En 1135, d'après M. Quicherat, ils en auraient reçu un autre de Geoffroi Plantagenet qui, non content de leur donner l'eau, y aurait ajouté plusieurs ilots situés du côté de Savennières et qui sont beaucoup moins apparents depuis la construction du chemin de fer.

Jean Ier était abbé de Saint-Nicolas quand ils en furent solennellement investis.

 

 Dom Rousseau parle d'un dernier îlot dont l'aumône leur, aurait été faite en 1170 par un chevalier qui s'appelait Mathieu Garault.

 

 (Panorama Robert d'Arbrissel - Aliénor d'Aquitaine, Richard coeur de Lion Abbaye de Fontevraud)

 

 

Cette propriété se trouvait ainsi définitivement constituée lorsque, après son avènement au trône, Richard Coeur-de-Lion la leur confirma le 14 novembre 1189.

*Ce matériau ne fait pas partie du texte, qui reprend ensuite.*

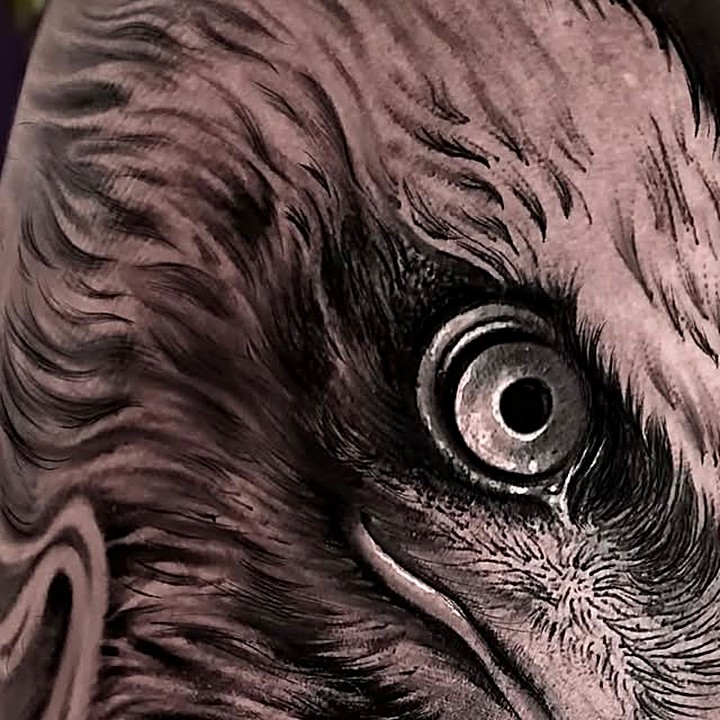 Close-up detail of an eagle's eye tattoo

Il ne parait pas qu'à cette époque les religieux n’aient fait aucun changement au modeste sanctuaire de Béhuard : ils se contentèrent probablement de le conserver dans, l'état où ils l'avaient reçu.

D'ailleurs, tous les travaux qu'au dire des auteurs contemporains ils firent à ces lieux, leurs moulins, leurs écluses, leurs réservoirs pour le poisson, tout a disparu, et il n'en reste aucune trace.

 

Dans un trait de la vie du vénérable Sigon, abbé de Saint-Florent, rapporté par Dom Rousseau, on parle d'une chapelle dite de l'écluse de Saint-Nicolas.

Nos historiens modernes l'ont crue différente de celle de Béhuard, en avouant toutefois qu'il était impossible d'indiquer la place où elle se trouvait. Nous croyons qu'elle n'a jamais existé et que, dans le texte latin, il n'est question d'autre chapelle que de celle de Béhuard.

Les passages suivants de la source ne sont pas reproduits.